3. **Current Allocation Gap Analysis**
   Compare my current sector allocation against the historically favored weightings for this cycle phase. Identify sectors where I am meaningfully overweight (potential drag) and sectors where I am meaningfully underweight (potential opportunity). Flag any sectors where my current allocation represents more than a 10-percentage-point deviation from cycle-phase guidance.

4. **Transition Watch: Next Phase Signals**
   Identify three to five leading indicators to monitor that would signal an imminent transition to the next cycle phase. Describe what each indicator shift would mean for sector rotation strategy and which sectors would benefit or suffer from the transition.

5. **Rotation Recommendations**
   Provide specific, actionable rotation recommendations: which sectors to increase exposure to, which to reduce, and which to hold.

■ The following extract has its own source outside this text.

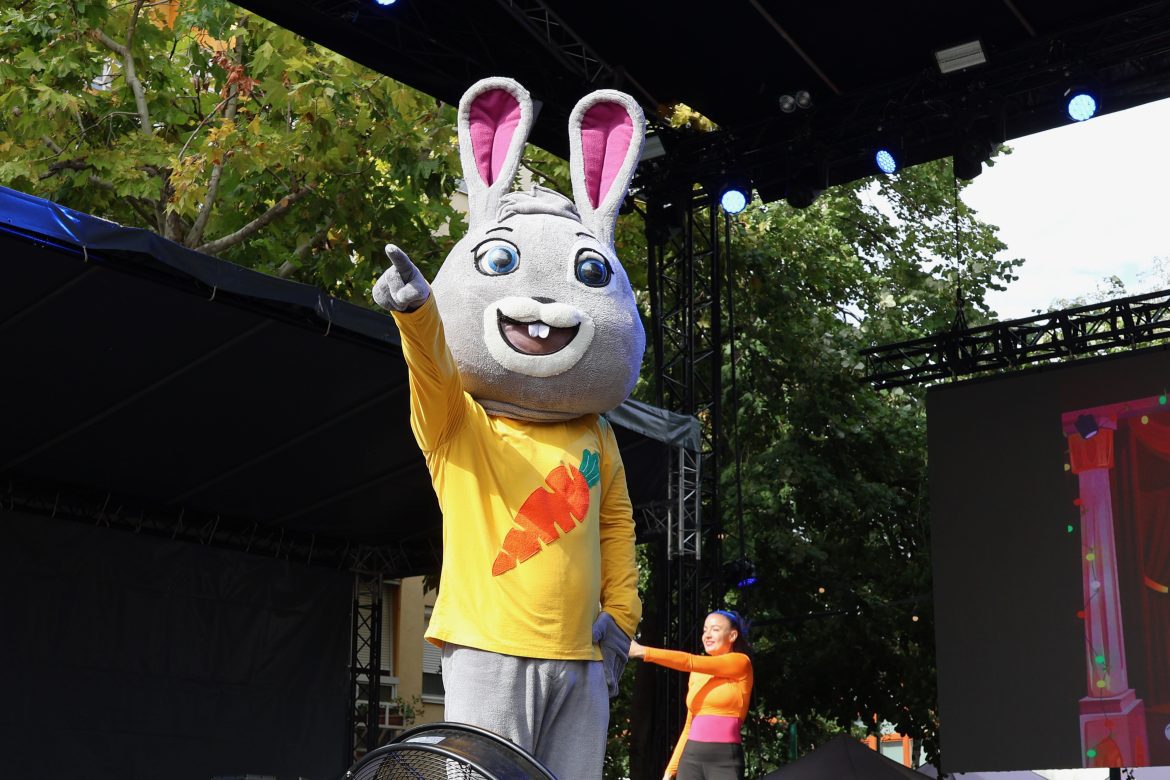 Brandnyúl, Makó, Hagymafesztivál, Széchenyi tér, 2025. szeptember 14. fotó: Jeszenszky Zoltán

For each recommendation, provide the economic rationale and suggest specific ETFs or index exposures that provide targeted access to that sector.

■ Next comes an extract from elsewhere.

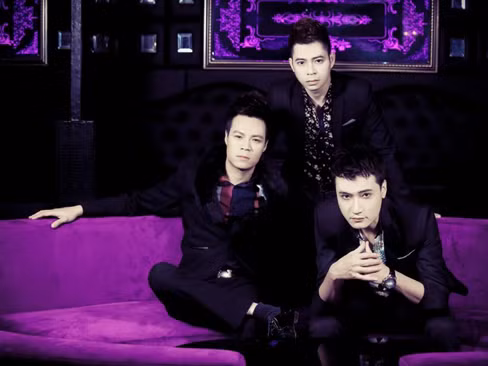 Kevin cùng các thành viên của nhóm Biển xanh. Kevin cùng các thành viên của nhóm Biển xanh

6. **Implementation Caution**
   Note the key risks of executing sector rotation β€” including the danger of mistiming the cycle, transaction costs, and tax implications. Remind the reader that sector rotation is a probabilistic strategy, not a deterministic one, and that diversification remains the foundation of prudent portfolio construction.

Write with analytical precision. Distinguish clearly between historical pattern and current recommendation.

Prompt Variables

Replace each placeholder with your specific information:

[MACRO DATA β€” inflation rate, central bank policy rate, GDP growth rate, yield curve shape, unemployment rate, PMI readings, credit spreads]
[CURRENT SECTOR ALLOCATION β€” sector name, current weight %]
[ETF / INDIVIDUAL STOCKS / BOTH]

What You'll Get

A cycle phase identification with supporting data points and conflicting signals, a sector performance history table for the identified phase with Outperform/Neutral/Underperform ratings, a gap analysis comparing current versus cycle-appropriate allocation, three to five transition signals to monitor, specific rotation recommendations with ETF suggestions, and an implementation caution section.

πŸ’‘ Pro Tip

Provide macro data from at least two different sources β€” for example, official CPI alongside market-implied inflation expectations from TIPS spreads. When the two diverge, the AI can surface this tension and factor it into the cycle assessment, producing a more nuanced recommendation.

Compatible AI Tools

Claude

Best for synthesizing multiple macro signals into a coherent cycle narrative and producing the full six-section analysis. Paste macro data as a brief table. Follow up with scenario questions such as 'what if inflation re-accelerates?'

ChatGPT

Strong for structured sector performance tables and ETF suggestions. GPT-4o with browsing can pull current macro data and recent sector performance to reduce the manual data input required.

Perplexity

Excellent for sourcing current macro indicator values before running the analysis. Ask Perplexity for the latest CPI, policy rate, yield curve data, and PMI readings β€” then paste these figures into the prompt for up-to-date cycle analysis.

Gemini

Useful for combining Google Search-sourced macro data with the structured analysis. Gemini's built-in grounding allows it to verify current indicator readings and cross-reference sector ETF performance directly.